Consumer confidence is falling substantially in Sweden despite surprise growth figures in GDP. Forecasts are worsening for the Swedish economy with the housing and construction markets being the first to demonstrate weakness, with their outsized impact on households.

However, many of the EWD stocks remain in a decent position, at least from the point of view of valuation, where sentiment seems priced in. High on the holdings list are companies like AB Volvo (OTCPK:VOLAF), which has a China exposure problem, but it’s producing at a higher rate than guided and managing to meet a larger backlog in trucks. Remember, Volvo no longer sells cars anymore, the car brand was sold.

There is also Nordea (OTCPK:NRDBY) which is a stock we quite like. While there is weakness in asset management and the beginning of declines in fee income, the company is mostly exposed to a lending business that seems well positioned in terms of duration and rate structure thanks to all the loan growth happening lately, particularly in housing but also as corporates frontloaded debt raising by trying to pre-empt rate hikes. The company is a cash cow, so a flattening rate of growth is tolerable with yields close to 7%.
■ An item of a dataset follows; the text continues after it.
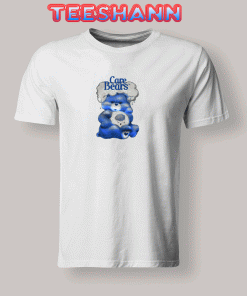 Tshirts Care Bears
Other than that, there are companies that supply industrial machines or fittings and finishings to the housing industry, where there is still pent-up demand. While they all feel the pressure of inflation, they have so far managed to preserve margins mostly with further price increases, where of course the value of those sustained operating profits in real terms do fall.

Conclusions

EWD trades at a 10x PE and a 12m yield around 8%. Yields from Swedish companies are not going to be as reliable as in the US where retirees rely heavily on dividend income, but they will still reflect the operating conditions of the business and their ability to maintain income. In this case, the conditions don’t seem primed to deteriorate too badly, where of course the pass through of declining consumer confidence, a factor in every geography, will of course impact revenues in a relatively predictable way. While the companies are solid, industrial Nordic companies, sometimes vaunted businesses that have existed for a century, there is a bit of issues offered for US investors due to FX. The SEK is a disadvantaged currency, as all are, relative to the dollar in a rate hike environment because the USD is a reserve currency while the SEK isn’t. If rate hiking has to continue, the SEK will likely trail the dollar further. Many of the industries are rather local, and the SEK decline wouldn’t be great for a USD denominated stock account. Nonetheless, it’s a well-endowed country with strong industry and well governed, and the multiple reflects much of the risks.